# Lynskey 420 or 320?



## Lookbiker (Sep 2, 2006)

With my motorcycle sold, I'm considering adding a second bicycle. I currently ride a BMC Pro Machine (super bike) but I've always been interested in titanium (since my racing days in the 1980s when someone pulled up on a Litespeed). 

I weigh 185 lbs and ride on some rough roads (frost heaves, etc).

Is the 420 uncomfortably stiff compared to the 320? 


Thanks in advance for feedback on these models.


----------



## danl1 (Jul 23, 2005)

What did Lynskey say when you asked them? If you haven't, do. There are experts, and there is everyone else.

Which is to say, they aren't at all interested in selling one over the other - they want you to have the bike you want and will speak well of. Relative to my desires, I've been steered towards a level 2, for example, even though my nature would want to believe that a 3 or 4 would be a 'better' bike.


----------



## Lookbiker (Sep 2, 2006)

I had talked to them and said that either would be good, just depends on how stiff I want the bike and that's why I fielded the question.

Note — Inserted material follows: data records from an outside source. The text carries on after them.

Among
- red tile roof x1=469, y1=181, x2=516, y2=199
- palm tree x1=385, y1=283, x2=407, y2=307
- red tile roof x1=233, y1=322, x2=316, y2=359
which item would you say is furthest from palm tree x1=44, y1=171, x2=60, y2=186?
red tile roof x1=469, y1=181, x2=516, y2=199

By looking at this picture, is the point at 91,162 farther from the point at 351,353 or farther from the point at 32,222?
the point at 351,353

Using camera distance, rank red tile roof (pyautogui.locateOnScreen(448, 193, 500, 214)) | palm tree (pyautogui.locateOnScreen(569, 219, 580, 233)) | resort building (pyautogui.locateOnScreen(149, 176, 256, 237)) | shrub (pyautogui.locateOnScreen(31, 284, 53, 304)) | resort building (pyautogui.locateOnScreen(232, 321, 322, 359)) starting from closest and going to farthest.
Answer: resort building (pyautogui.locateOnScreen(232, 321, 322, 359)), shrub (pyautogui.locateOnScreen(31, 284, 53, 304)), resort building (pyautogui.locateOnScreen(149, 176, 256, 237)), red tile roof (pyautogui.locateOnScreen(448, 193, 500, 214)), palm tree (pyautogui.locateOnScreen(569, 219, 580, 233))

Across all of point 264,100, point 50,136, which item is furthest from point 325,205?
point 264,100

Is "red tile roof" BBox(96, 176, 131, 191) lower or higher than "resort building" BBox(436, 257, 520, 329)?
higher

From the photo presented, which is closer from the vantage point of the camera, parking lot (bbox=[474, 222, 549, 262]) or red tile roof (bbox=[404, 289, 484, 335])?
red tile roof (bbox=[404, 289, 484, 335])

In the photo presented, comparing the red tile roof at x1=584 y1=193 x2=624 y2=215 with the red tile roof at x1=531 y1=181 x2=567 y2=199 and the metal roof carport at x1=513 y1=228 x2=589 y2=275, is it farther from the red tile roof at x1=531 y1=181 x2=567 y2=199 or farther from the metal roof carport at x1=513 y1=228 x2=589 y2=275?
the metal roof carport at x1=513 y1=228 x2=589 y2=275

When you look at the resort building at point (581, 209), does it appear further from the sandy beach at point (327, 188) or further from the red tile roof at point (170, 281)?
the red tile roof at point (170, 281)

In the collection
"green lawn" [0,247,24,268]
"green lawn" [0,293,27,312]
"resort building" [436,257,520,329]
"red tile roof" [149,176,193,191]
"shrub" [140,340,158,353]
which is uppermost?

Anyone with real experience with either?

The 420 seems cool but I don't want Klein circa 1980s stiffness if that is the case.


----------



## Juanmoretime (Nov 24, 2001)

I have an R320 and it is plenty stiff although I'm only 157 lbs. With the tube shapes I would think unless you are a sprinter type capable of creating 1200 watts plus than the R320 will work fine for you.


----------



## DeLuz (Aug 1, 2008)

Why are you limiting yourself to Lynskey?


----------



## Lookbiker (Sep 2, 2006)

Some great deals are available on them.


----------



## DeLuz (Aug 1, 2008)

Yeah I guess they are trying to eat some business from Litespeed.
I am thinking about Ti and I sort of like Moots compact on paper.


----------



## Lookbiker (Sep 2, 2006)

I've only heard good things about Moots also.


----------



## Mark Lynskey (Aug 4, 2008)

Describing all the nuances of each frame in relation to what you're looking for in an email format is quite a challenge. The best I can tell you in a few sentences is that the R330 and R430 are very similar in overall performance. The main difference is that the R430 is slightly stiffer at the bb shell and front end. It is a very firm feel (and slightly more firm than the R330) but nowhere close to the Klein. If you're the type of rider that is very rough on equipment and has a history of breaking things I'd lean towards the R430. Otherwise the R330 would be my suggestion.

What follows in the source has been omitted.